Be aware for some applications, rubber stems are not allowed/rated at higher pressures, like on a trailer. A quick search finds limits of 60, 65, and 75 psi. One tire shop refused to air up one trailer tire with a rubber stem because I wanted 80 psi in a 90 psi tire. Have to use the screw-clamp stems for high pressure (probably few Unimogs run that high pressure).
Hello Ian,
Mine are all push-fit as well.
So, the bad ones as per my previous post are made by Detroit - sold here by many truck shops under the General Pneumatics brand - AVOID
Your German made ones are probably also good :wink
I have switched to Raufoss - also used by Wabco - mine supplied by AV
Seems TUV certification might help with quality. They are an independent lab that test stuff - like UL in the US.
Well, not quite new - but new to Mog :devil
As it turns out the one rim with the larger valve hole is not the greatest - it has some lateral runout - perhaps this is not unusual for liquid/air rims ??
So I have decided to run with the old valves till I get new tyres and a replacement rim which is of better quality.
I have the tires at 45psi for now and they look almost over-inflated ?

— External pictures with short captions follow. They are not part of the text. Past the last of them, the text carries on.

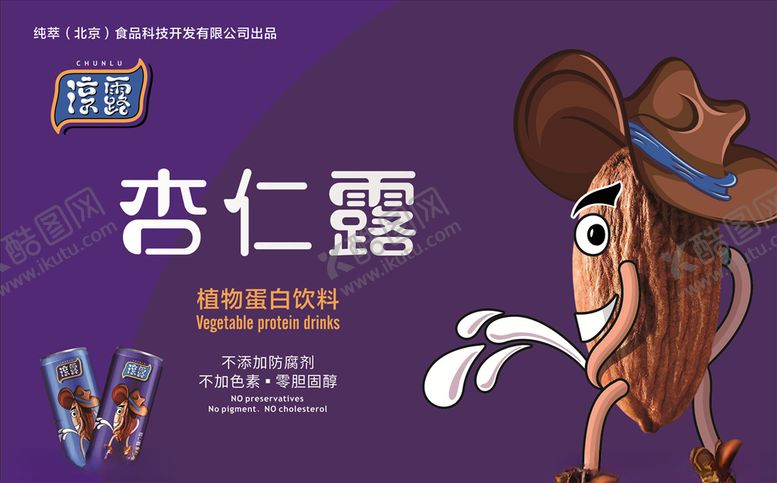 编号：67223407091551317180【酷图网】源文件下载-杏仁露广告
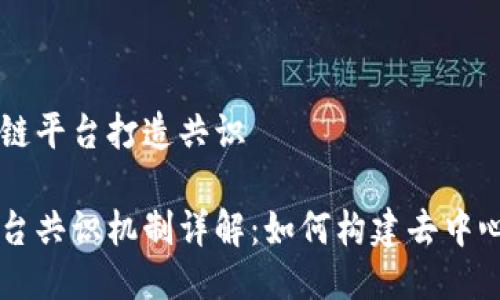 关于区块链平台打造共识

区块链平台共识机制详解：如何构建去中心化的信任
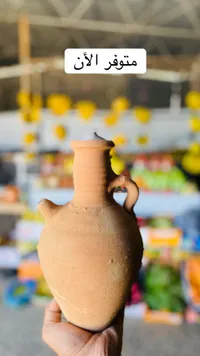 إبريق فخار تقليدي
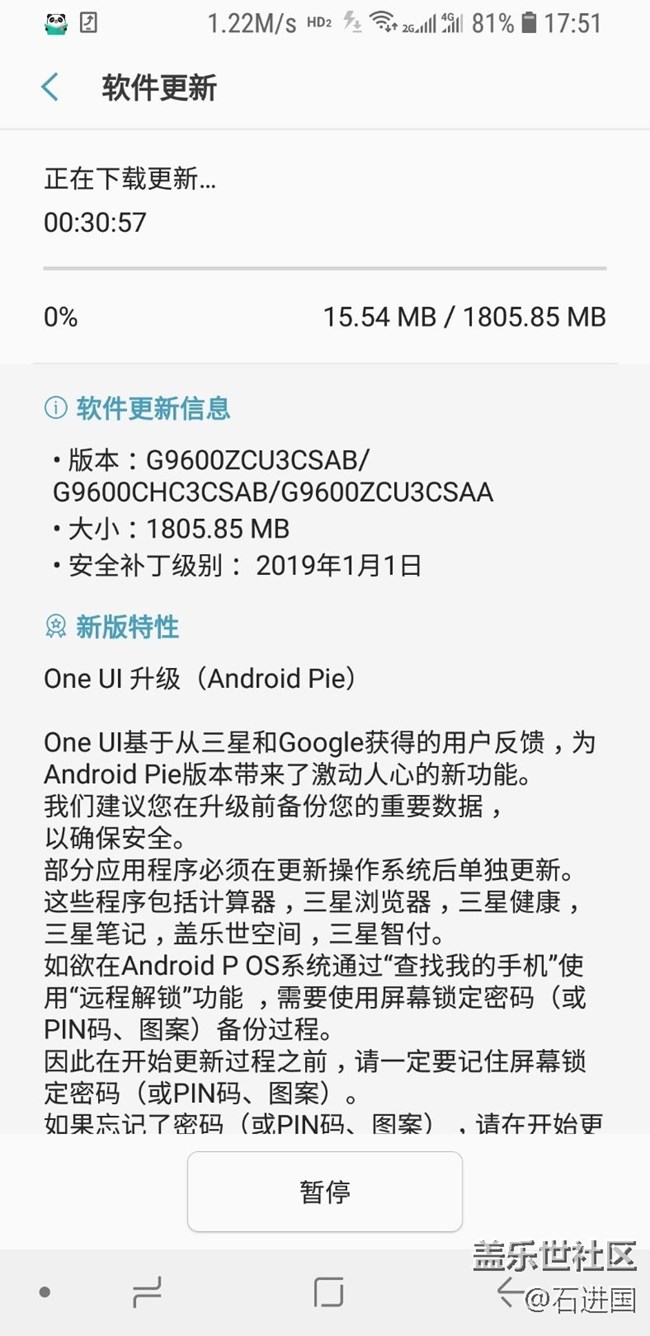 呵呵哈哈哈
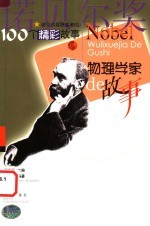 物理学家的故事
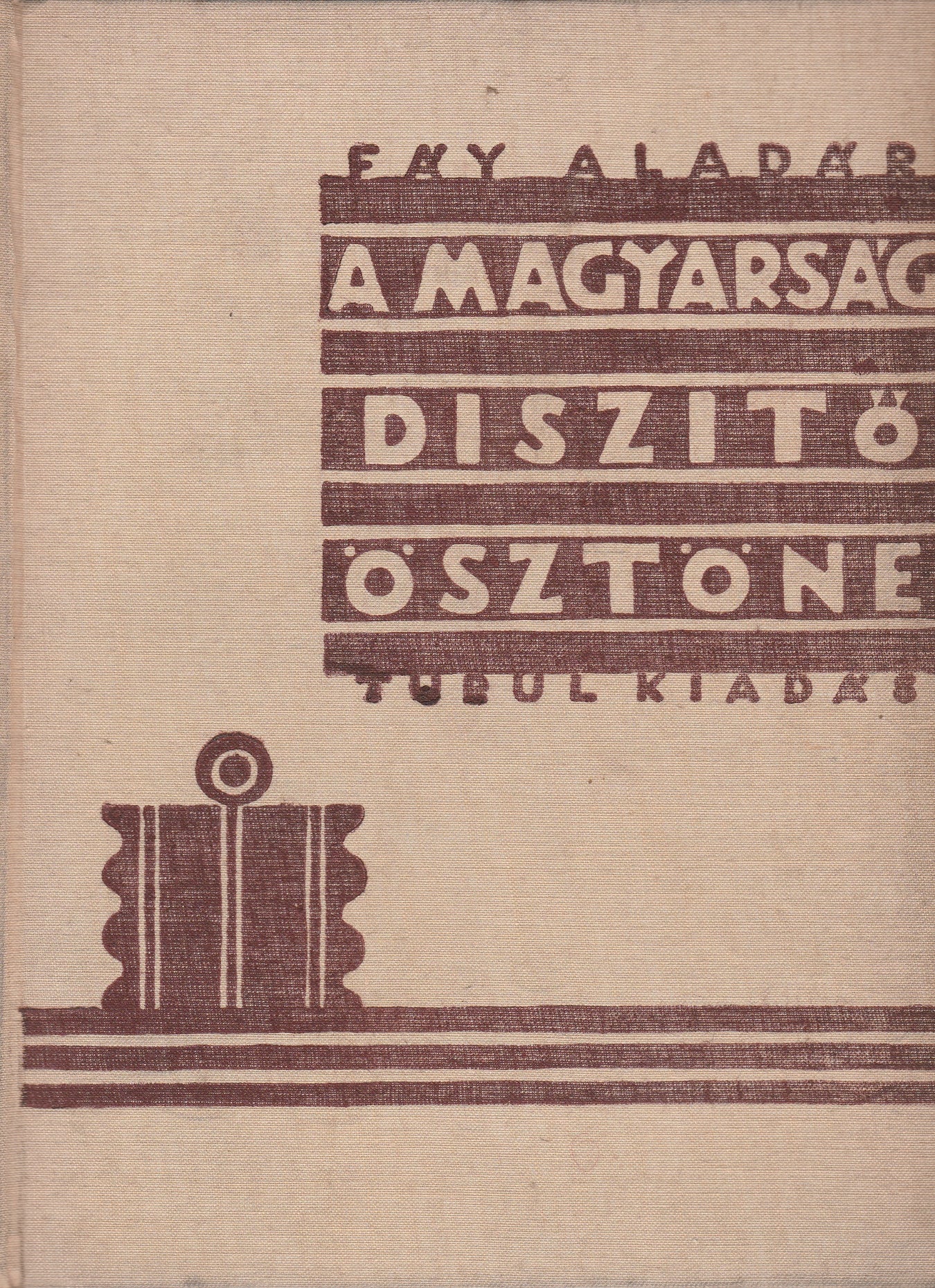 Általános iparművészet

Overall, I am happy with them. Wobbles are gone, slightly lower rolling resistance (I think) but still fairly noisy.
Turns out my gutfeel on the XM47s age was warranted. One has long internal cracks.
I will see how I go, but I am liking the 12.5 size. Does not look as mean as the 405 s - but.....My Mog only hits 4600kg on the scales, so big boots are probably not required.
I was quite surprised to see the tires being fitted using no bead blasting - just inflation through the valve pushed the beads into place. Good to know it can be done simply.
Those Conti NDT tires are excellent off road, snow, ice, mud, and are tuff!! You made a wise choice.---) Last a long time an run smoothe.